Dans "Mesure pour Mesure" de William Shakespeare, un Duc, sorte d’autocrate éclairé, règne sur Vienne. Il annonce son désir de partir en voyage et il confie sa charge à l’irréprochable et très moral fonctionnaire Orlando. Sitôt nommé régent, Orlando applique les moindres lois avec une poigne de fer, condamnant à mort le jeune Claudio pour acte de fornication avec une femme célibataire.

Mais le Duc n’est pas parti: déguisé en moine, il observe tout, écoute les commentaires et découvre que son régent ne suit pas les lois qu’il impose aux autres. Pire, Orlando fait chanter la jeune sœur de Claudio, une vertueuse qui se destine au couvent: Claudio pourrait avoir la vie sauve si elle veut bien coucher avec le régent. La jeune fille résiste et le Duc veille.
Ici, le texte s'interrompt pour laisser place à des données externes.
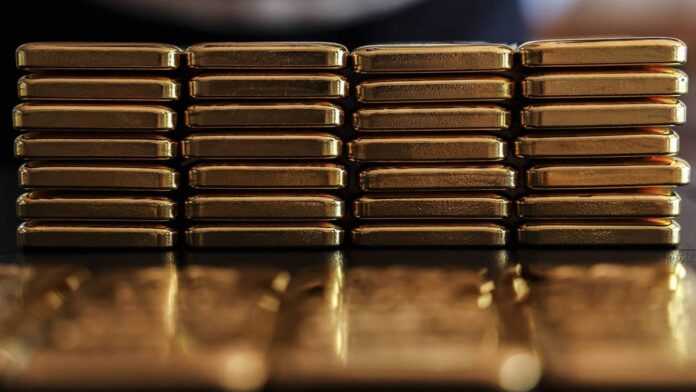 Gold climbed from about $2,600 per ounce in early 2025 to a record $5,589 by January 2026, setting more than 50 all-time highs in a single calendar year, the <a href="https://www.gold.org/goldhub/research/gold-mid-year-outlook-2026">World Gold Council</a> reported.The rally has fueled aggressive marketing by precious metals dealers, with <a href="https://www.thestreet.com/retirement">retirement</a> investors responding in record numbers.Gold exchange-traded fund holdings grew 801 tons in 2025, the second-strongest year on record, while bar and coin buying accelerated to a 12-year high, the World Gold Council reported in its<a href="https://www.gold.org/goldhub/research/gold-demand-trends/gold-demand-trends-full-year-2025"> Gold Demand Trends: Q4 and Full Year 2025 report.</a>For retirement savers considering a gold individual retirement account (<a href="https://www.thestreet.com/retirement/traditional-vs-roth-iras-which-is-right-for-your-retirement-plan">IRA</a>), the case for holding physical metal in a tax-advantaged account may seem straightforward at first glance.First-year gold IRA costs can quietly erase double-digit returnsA <a href="https://www.thestreet.com/investing/gold-iras-work-like-regular-iras-until-you-store-it-wrong">gold IRA</a> requires three service providers that a standard brokerage account does not: a custodian, a precious metals dealer, and an IRS-approved depository vault, the <a href="https://www.usmoneyreserve.com/news/executive-insights/understanding-gold-ira-fees-and-custodian-costs/">U.S. Money Reserve stated</a>.Each provider charges its own fee, with account setup running $50 to $150, annual custodian maintenance adding $75 to $300, and depository storage costing another $100 to $300.Those recurring charges, however, represent only part of the total drag on returns. The highest upfront cost is the dealer markup, the premium a dealer charges above gold's spot price, which on standard bullion typically runs 2% to 5%, <a href="https://www.irafinancial.com/blog/how-gold-ira-pricing-actually-works-spot-price-premiums-and-custodian-markups-explained/">IRA Financial reported</a>.Investors face acquisition markups ranging from 40% to 200% above spot for numismatic coins, according to a <a href="https://www.cftc.gov/LearnAndProtect/AdvisoriesAndArticles/CustomerAdvisory_COVID19PreciousMetals.htm">CFTC customer advisory</a>, and one 2024 <a href="https://www.thestreet.com/dictionary/s/securities-exchange-commission">SEC</a> enforcement action against Red Rock Secured found the firm had charged markups as high as 130% while advertising 1% to 5%. Physical gold produces zero income, while annual fees compoundUnlike dividend-paying stocks or interest-bearing bonds, gold bars and coins produce no cash flow while stored in a depository vault. Every fee charged against the account creates a direct headwind, because returns depend entirely on price appreciation over time.Annual custodian fees commonly run $75 to $300, and storage costs another $100 to $300 for flat-fee accounts, the U.S. Money Reserve confirmed. <strong>More Retirement:</strong><a href="https://www.thestreet.com/retirement/vanguard-drops-playbook-on-retirement-income"><strong>Vanguard drops playbook on retirement income</strong></a><a href="https://www.thestreet.com/retirement/vanguard-warns-workers-are-losing-thousands-in-401k-savings"><strong>Vanguard warns workers losing thousands in 401(k)s</strong></a><a href="https://www.thestreet.com/retirement/fidelitys-wake-up-call-on-social-security-iras-and-401ks"><strong>Fidelity's wake-up call on Social Security, IRAs, and 401(k)s</strong></a>Those recurring charges compound over a multi-decade holding period, working out to roughly 0.4% to 1.2% of a $50,000 balance each year before any dealer markup or transaction cost.Selling a gold IRA is often more cumbersome than many investors expect. Selling physical metal requires coordination among the custodian, dealer, and depository, a process that takes days rather than seconds.<a href="https://www.thestreet.com/retirement/fidelity-rmd-tax-torpedo-retirement">Required minimum distributions</a> further complicate matters for traditional gold IRA holders starting at age 73, because the custodian must appraise each metal holding before calculating the required annual withdrawal amount, <a href="https://www.irs.gov/retirement-plans/retirement-plan-and-ira-required-minimum-distributions-faqs">according to the IRS</a>.
Gold IRAs generate no income, while annual fees, storage costs, and liquidity challenges can steadily erode long-term retirement returns.<a href="https://www.gettyimages.com/detail/photo/stacked-gold-bullion-royalty-free-image/2270669034?phrase=Gold&searchscope=image%252Cfilm&adppopup=true">Bloomberg Creative/Getty Images</a>
Gold IRA withdrawals face ordinary income tax rates up to 37%Geoff Schmidt, a certified public accountant and founder of Holy Schmidt, <a href="https://moneywise.com/investing/retirement/gold-ira-vs-gold-etf-tax-difference-2026">told Moneywise</a> that gold ETFs and gold IRAs operate under entirely separate tax frameworks despite holding the same underlying asset."The common assumption is that a gold ETF behaves like a stock fund at tax time, with that nice 15% or 20% long-term rate. For the large physically backed funds, <a href="https://www.thestreet.com/quote/GLD">GLD</a> and <a href="https://www.thestreet.com/quote/SLV">SLV</a> being the obvious examples, it doesn't," Schmidt said.<a href="https://www.thestreet.com/investing/major-gold-etf-manager-vaneck-sets-price-target-for-2030">Gold ETFs</a> backed by physical bullion fall under <a href="https://www.thestreet.com/dictionary/i/internal-revenue-service-irs">IRS</a> collectibles rules, which cap long-term <a href="https://www.thestreet.com/dictionary/c/capital-gains">capital gains</a> at 28% rather than the standard 15%-20%, according to <a href="https://www.irs.gov/pub/irs-pdf/p550.pdf">IRS Publication 550</a>.That ceiling, however, may still be lower than what a traditional gold IRA holder pays when taking distributions. Withdrawals from a traditional gold IRA are taxed as ordinary income, Achim von Bodman, a CFP and senior tax manager at Watter CPA, told Moneywise. Under the current <a href="https://www.irs.gov/filing/federal-income-tax-rates-and-brackets">federal income tax brackets</a>, that rate can reach 37%.A <a href="https://www.thestreet.com/retirement/traditional-vs-roth-iras-which-is-right-for-your-retirement-plan">Roth IRA</a> structure is one important exception, since qualified Roth withdrawals are generally tax-free and can eliminate both the collectibles rate and ordinary income exposure altogether, Schmidt noted.Gold ETFs offer retirement exposure at a fraction of the costFor investors who want gold in a <a href="https://www.thestreet.com/personal-finance/how-much-gold-you-should-hold-in-your-retirement-portfolio">retirement portfolio</a> without the complexity of physical custody, gold exchange-traded funds held in a traditional or Roth IRA offer a streamlined, less expensive alternative.Tanza Loudenback, a Certified Financial Planner (CFP), <a href="https://smartasset.com/retirement/what-is-a-gold-ira">told SmartAsset</a> that the layered cost structure of a gold IRA rarely justifies the exposure it delivers and that investors seeking an <a href="https://www.thestreet.com/dictionary/i/inflation">inflation</a> hedge can achieve the same portfolio outcome.<blockquote>The fees associated with maintaining a gold IRA are usually not worth the potential benefits. There are other ways to get exposure to precious metals that can help counterbalance inflation, if you're worried about that, and are generally more investor-friendly, like gold ETFs</blockquote><a href="https://www.ssga.com/us/en/individual/etfs/spdr-gold-minishares-gldm">The SPDR Gold MiniShares ETF</a> has an annual <a href="https://www.thestreet.com/dictionary/e/expense-ratio">expense ratio</a> of 0.10%, and the iShares Gold Trust charges 0.25%, both far below the combined fee load of a typical gold IRA arrangement.Weighing gold IRA costs before committing retirement savingsGold's record-setting performance has earned its place in the retirement conversation, and a well-structured allocation can serve a legitimate <a href="https://www.thestreet.com/dictionary/d/diversification">diversification</a> role for long-term investors.<a href="https://www.thestreet.com/personal-finance/financial-planners-name-best-ways-to-spend-a-tax-refund">Financial planners</a> commonly cap precious metals exposure in a well-diversified portfolio at around 5%, a level that matches <a href="https://www.thestreet.com/quote/UBS">UBS</a> Wealth Management's <a href="https://www.ubs.com/global/en/wealthmanagement/insights/marketnews/article.2935563.html">mid-single-digit gold guidance</a> and the 5% gold sleeve used in Morningstar's 2026 <a href="https://www.morningstar.com/portfolios/why-portfolio-diversification-has-paid-offbut-more-isnt-always-better">Diversification Landscape</a> test portfolio.Financial planners, including Loudenback, say gold ETFs in standard retirement accounts provide similar price exposure at much lower ongoing costs.Some retirement savers continue to choose self-directed gold IRAs because they allow direct ownership of physical gold, despite the added expense.<strong><a href="https://www.thestreet.com/personal-finance/gold-iras-conceal-risks-most-investors-never-see">Related: Gold IRAs conceal risks most investors never see</a></strong>
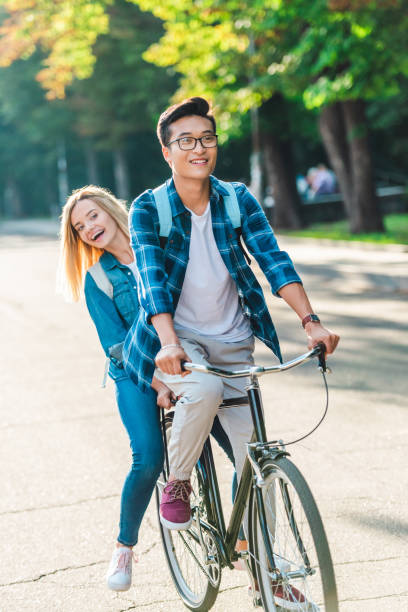 istock happy multiethnic students riding bicycle together on street 1016087676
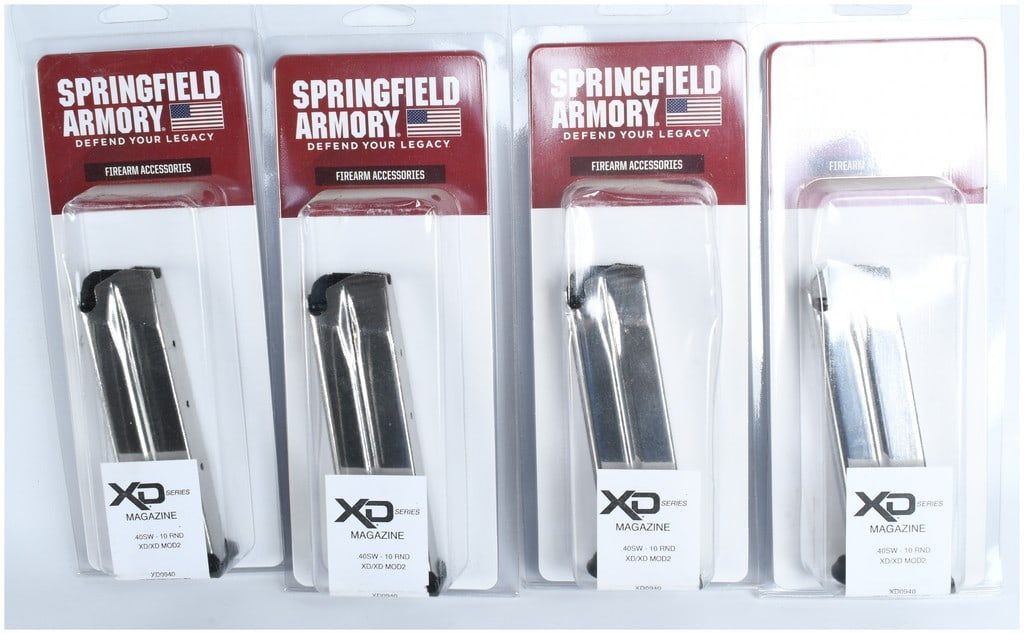 Four Springfield Armory XD Series 40 S&W 10 Round Magazines: A group of 4 Springfield Armory XD Series firearm magazines designed for .40 S&W caliber XD and XD Mod.2 models. Each magazine features a 10-round capacity and is constructed with a polished stainless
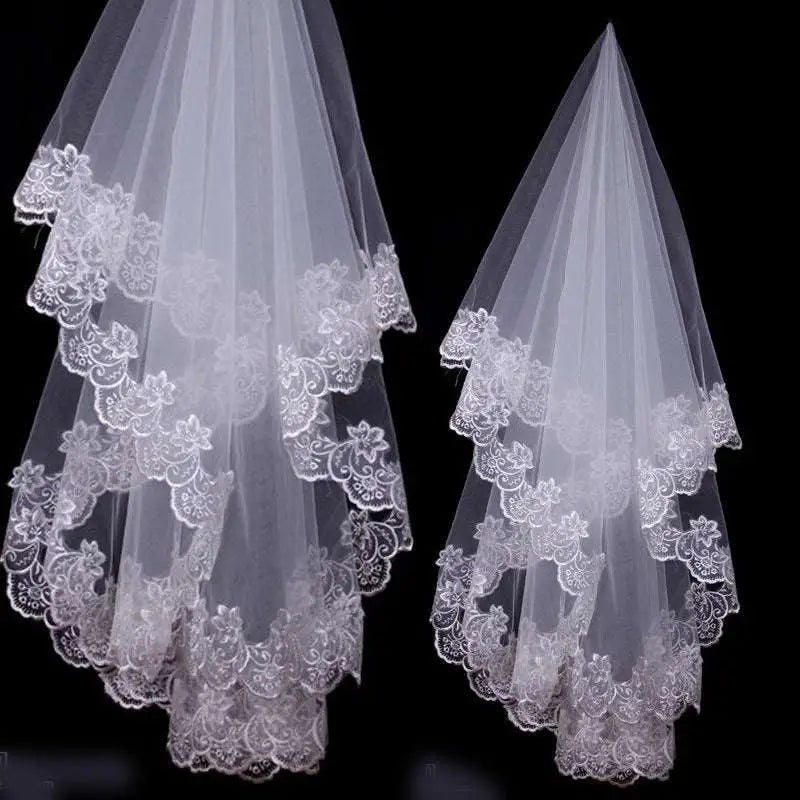 Two elegant white bridal veil lace headdresses with intricate floral embroidery along layered edges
Ou plutôt ses caméras dans cette version moderne de Karim Bel Kacem.

Acteur connu également par le cinéma, Yann Collette excelle dans le rôle de ce Duc manipulateur alors que Thibaut Evrard, aperçu récemment en bête de scène dans la pièce "En Manque" de Vincent Macaigne, campe un régent glaçant de dureté et d’hypocrisie. On notera aussi la performance à fleur de peau de la bonne sœur, incarnée par Anne-Clotilde Rampon qui se jette contre les vitres du parloir de la salle des supplices.